Apart from our case, twenty cases of iTTP occurring after COVID-19 vaccination had been published until the end of November 2021. There were 11 male and 10 female cases; their median age at diagnosis was 50 years (range 14–84 years). Five patients (24%) had a preexisting history of iTTP. Recombinant adenoviral vector-based vaccines were involved in 19%, mRNA-based vaccines in 81%. The median onset of symptoms after vaccination was 12 days (range 5–37), with 20 cases presenting within 30 days. Treatment included therapeutic plasma exchange in all patients. Additional rituximab, caplacizumab, or both these treatments were given in 43% (9/21), 14% (3/21), and 24% (5/21) of cases, respectively.
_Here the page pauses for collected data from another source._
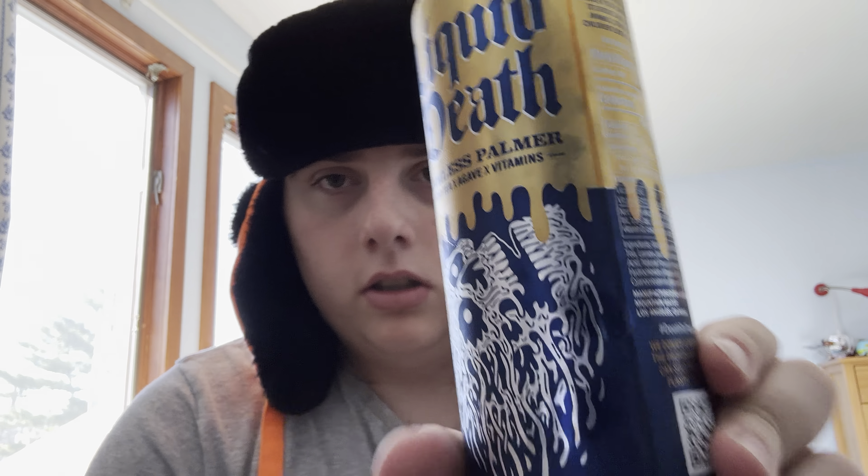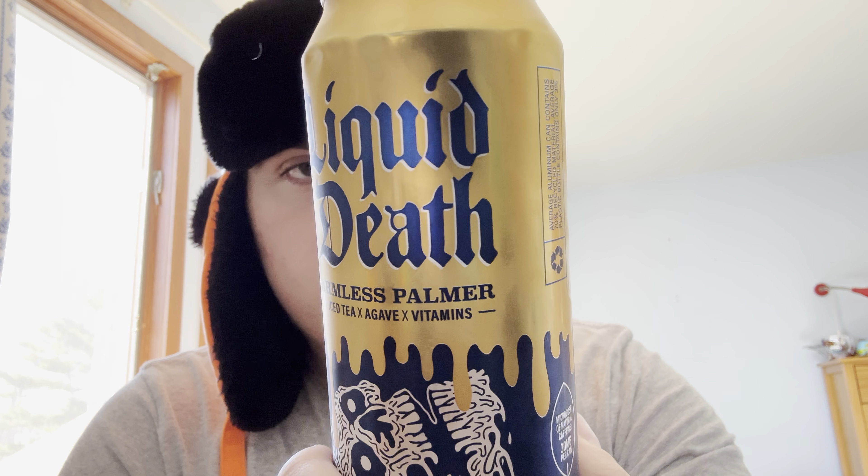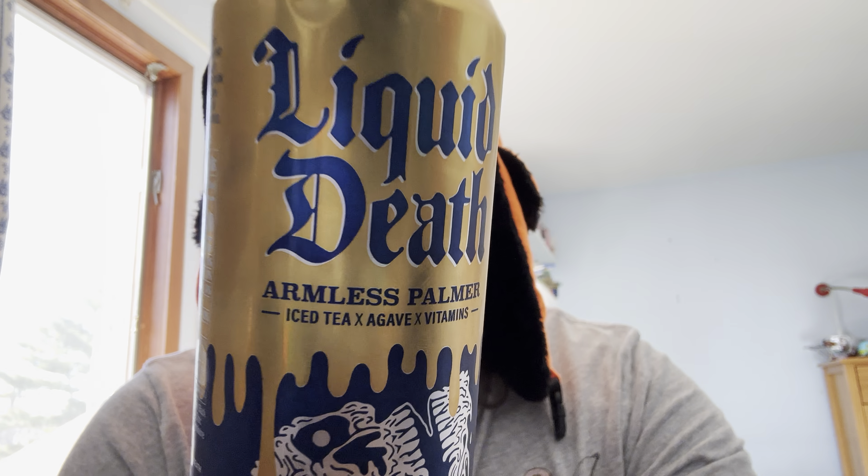What's up everybody, it's your boy Hell Hydra coming back at you with another video. Today we're doing a long-awaited review of Liquid Death Armless Palmer. Liquid Death makes good seltzer, but they're diving into the iced tea game now. I've been meaning to try it — it came out a while ago but haven't been able to find it until now. Shout out Five Below for carrying this.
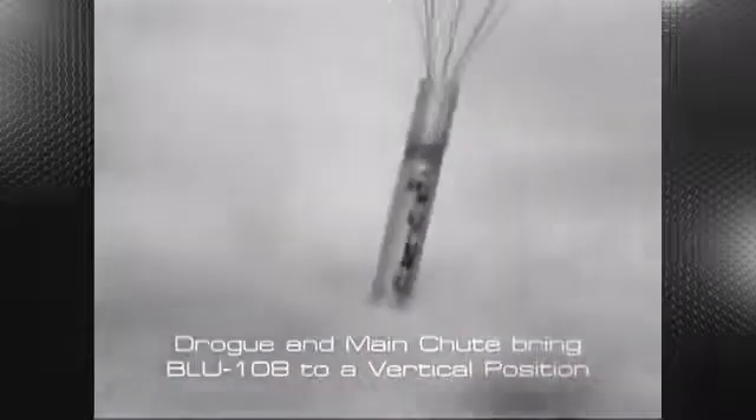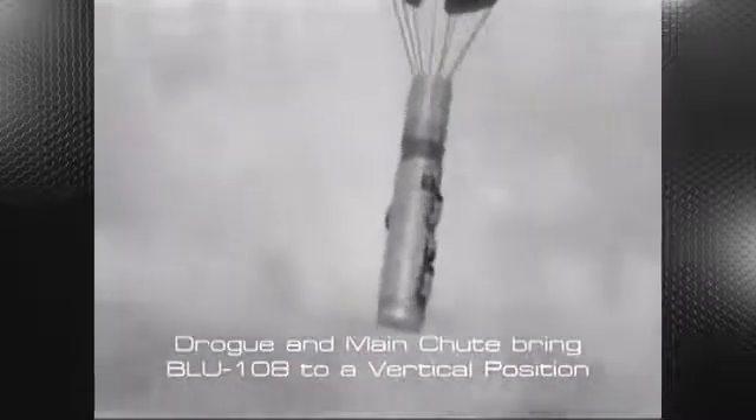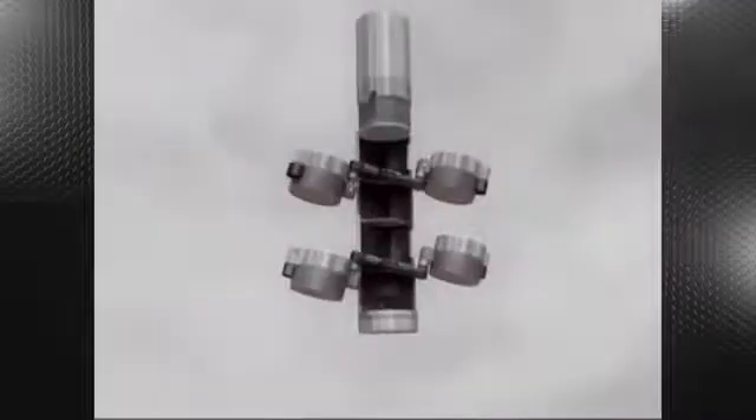The drogue parachute and main parachute bring the BLU-108 to a vertical position. The parachute is then cut simultaneously as the submunition cover release exposes the four smart skeet warheads.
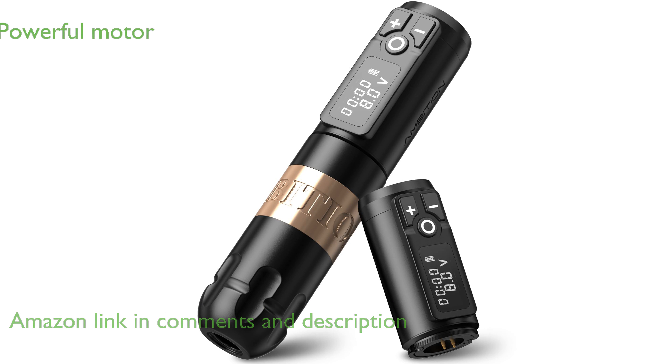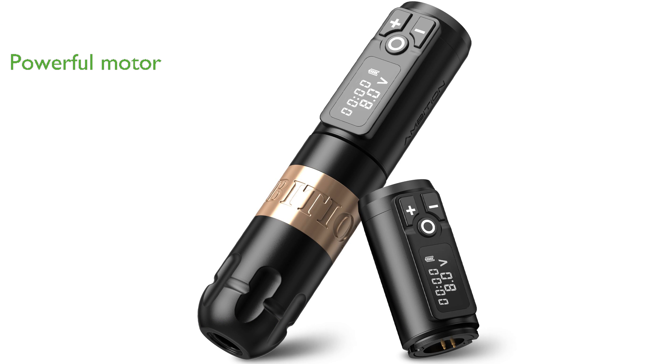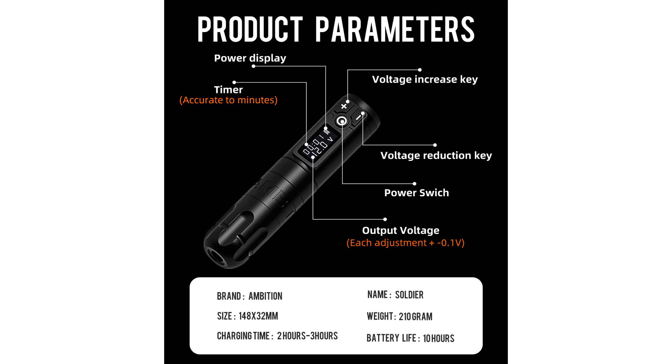Equipped with a powerful Japan coreless motor, this tattoo machine operates at a speed of 10 volts to 9,000 revolutions per minute, providing efficient and precise performance without overheating. Its impressive battery capacity of 2,400 mAh allows for up to 10 hours of continuous operation at 8 volts, and it only takes 2 to 3 hours to fully recharge.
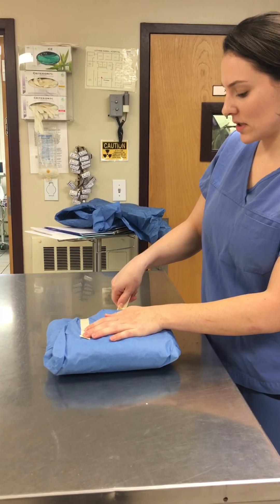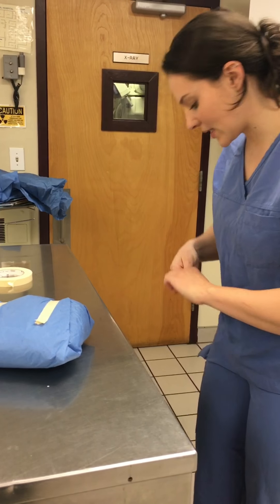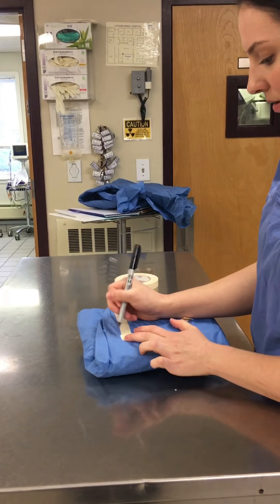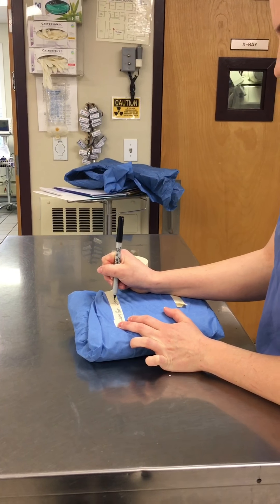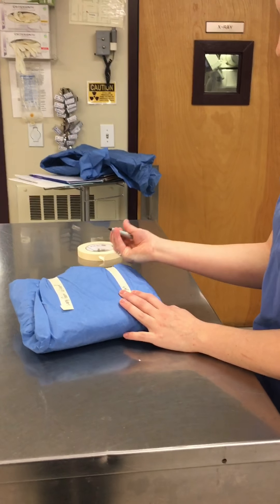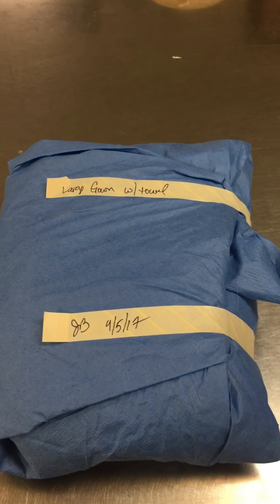And then it needs to be taped with indicator tape. Put two strips on here. I like to create a little flap so that it's easy to pull off. One layer here, and then a second piece of tape here. This is very tightly sealed. And then finally, it needs to be labeled with what is inside of the pack. This was a large gown, with a towel. And then my initials here. The date. And then it's ready to be autoclaved.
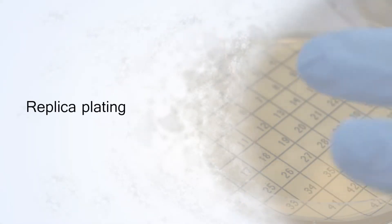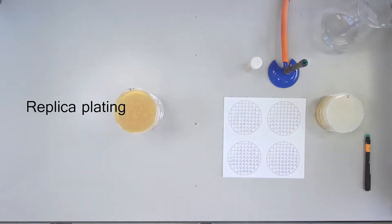Replica Plating. Here we are going to screen transconjugants for a number of activities. Retrieve the plates you spread last session. Remember, anything growing on both ampicillin and tetracycline should be a transconjugant from the filter mating of the donor and the recipient.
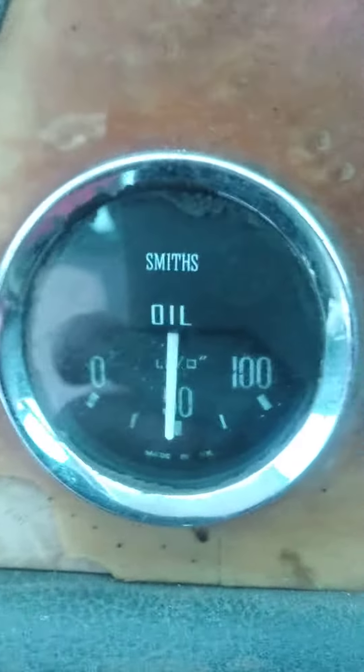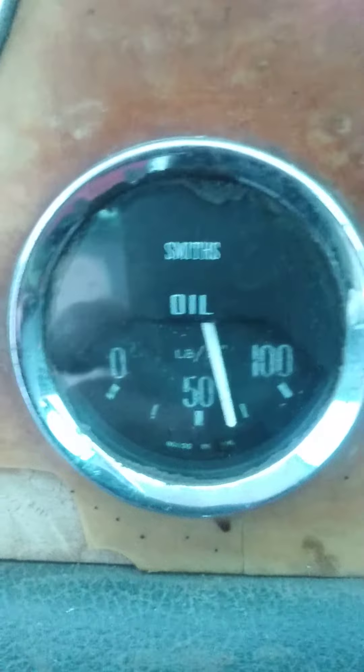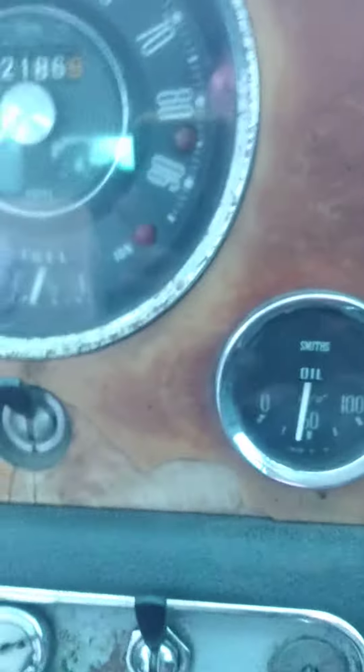Look at that oil pressure there mate — wow! Yeah, look at that. Brilliant!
One patient died, despite a prolonged clinical course in one patient, all surviving patients were in clinical remission at the end of the observational period.

Conclusion

Clinical features of iTTP following COVID-19 vaccination were in line with those of pre-pandemic iTTP. When timely initiated, an excellent response to standard treatment was seen in all cases. ADAMTS13 activity should be determined pre-vaccination in patients with a history of a previous iTTP episode. None of the reported cases met the WHO criteria for assessing an adverse event following immunization (AEFI) as a consistent causal association to immunization. Further surveillance of safety data and additional case-based assessment are needed.